#### Input data
============

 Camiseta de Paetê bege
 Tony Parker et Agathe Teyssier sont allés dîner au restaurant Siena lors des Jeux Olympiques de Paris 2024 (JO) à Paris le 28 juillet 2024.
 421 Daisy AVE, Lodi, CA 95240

============

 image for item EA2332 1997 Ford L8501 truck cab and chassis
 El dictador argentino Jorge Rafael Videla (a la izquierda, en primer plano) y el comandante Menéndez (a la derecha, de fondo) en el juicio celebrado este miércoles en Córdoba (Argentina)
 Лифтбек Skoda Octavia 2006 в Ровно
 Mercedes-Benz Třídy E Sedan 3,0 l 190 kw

============

#### Instructions for the task
Of all the entries above, repeat only the lines from the line that has "Лифтбек Skoda Octavia 2006 в Ровно" to the line that has "Mercedes-Benz Třídy E Sedan 3,0 l 190 kw", both lines included, exactly.

#### Written solution
 Лифтбек Skoda Octavia 2006 в Ровно
 Mercedes-Benz Třídy E Sedan 3,0 l 190 kw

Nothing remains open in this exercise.